Chris shook his head. “Crap.”
“But look,” Travis’ deep voice cut through all the other noise, and he was the only person talking, “I’ve been telling people that we can move the wards around. Put them in the hands of those of us who can handle hand to hand combat with the creature. The rest of you can take it down from a distance.”
“Do you have a plan?” I watched Travis as he shook his head. “Haley told me what Lee said. If it hides until it’s ready to take over, I don’t know what will change its mind. What motivates it? Do you know?”
I shook my head. “Food is my only guess. I wish Amy were here. She’d probably know more.”
Vaughn looked up from his phone. “She’s working on it. Mind if I put her on the big screen?”
Haley raised an eyebrow. “No, but I thought you said she was driving?”
“Yeah,” he said. “But I’ve been texting Samita.”
For a moment, Samita appeared, her face filling half of the twenty foot tall screen. Samita appeared as herself—brown face, black haired, and looking like the daughter of Pakistani immigrants. When she appeared with Rod out of costume, she used illusions of a few different people to hide her real identity, reasoning that they didn’t know each other.
The background blurred as the camera’s direction changed. Then Amy appeared. She was driving, her hands on a steering wheel, her eyes aimed ahead at the road.
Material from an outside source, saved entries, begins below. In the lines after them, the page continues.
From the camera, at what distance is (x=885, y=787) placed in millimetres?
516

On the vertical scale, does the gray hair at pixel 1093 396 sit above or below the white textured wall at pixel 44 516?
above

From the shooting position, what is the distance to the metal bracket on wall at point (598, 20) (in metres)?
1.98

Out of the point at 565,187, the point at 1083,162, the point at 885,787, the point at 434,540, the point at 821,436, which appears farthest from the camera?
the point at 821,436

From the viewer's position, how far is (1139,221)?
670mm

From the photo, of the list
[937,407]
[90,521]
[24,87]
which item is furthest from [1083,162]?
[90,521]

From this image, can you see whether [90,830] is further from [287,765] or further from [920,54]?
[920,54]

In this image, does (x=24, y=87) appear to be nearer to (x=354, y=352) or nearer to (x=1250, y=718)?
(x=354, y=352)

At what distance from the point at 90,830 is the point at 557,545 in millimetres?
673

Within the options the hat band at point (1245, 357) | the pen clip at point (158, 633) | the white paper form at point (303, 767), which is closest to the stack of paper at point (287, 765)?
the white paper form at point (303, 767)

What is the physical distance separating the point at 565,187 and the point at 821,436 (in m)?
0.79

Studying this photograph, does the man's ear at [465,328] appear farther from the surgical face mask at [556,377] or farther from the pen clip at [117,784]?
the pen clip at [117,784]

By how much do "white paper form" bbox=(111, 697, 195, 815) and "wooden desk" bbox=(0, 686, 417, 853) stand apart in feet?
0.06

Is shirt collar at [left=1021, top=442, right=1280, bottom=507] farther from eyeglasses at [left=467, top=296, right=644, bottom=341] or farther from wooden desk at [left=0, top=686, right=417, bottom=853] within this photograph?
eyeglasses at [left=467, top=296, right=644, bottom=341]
She gave a little wave with one hand and grinned as she appeared. “Hey, everybody. We’re driving through West Virginia right now.”
I had no idea where they were, but at that exact moment, they were crossing a river. Green painted steel beams were part of the background blur from Amy’s window. Past that was a brown river and a blue sky.
The camera didn’t show many more details, but from what I could see, I guessed that she might be driving some kind of sports car, that there weren’t any other cars on the road near her, and that she was driving very quickly.
“We’ll be in Grand Lake in another seven or eight hours,” she said. “Rod and Cassie are in Rod’s car. We’re going to try to meet near the Michigan border.”
HQ’s microphone system picked up my voice as I asked, “Why are you driving?”
Samita pointed the phone back at herself. “We called Reliquary’s FBI handler and he told us not to come. Maybe someone would have flown us up, but we didn’t want to get anybody in trouble.”
Amy added, “And we didn’t want them to know we were going. They kept on telling us that the North American Council was going to handle it.” As the camera pointed at her again, Amy frowned. “They have no idea what they’re dealing with. The past Bloodmaidens are nervous. The Thing That Eats is going to do something bad. They’ve seen it before when it was trapped in a city and they won’t tell me what.”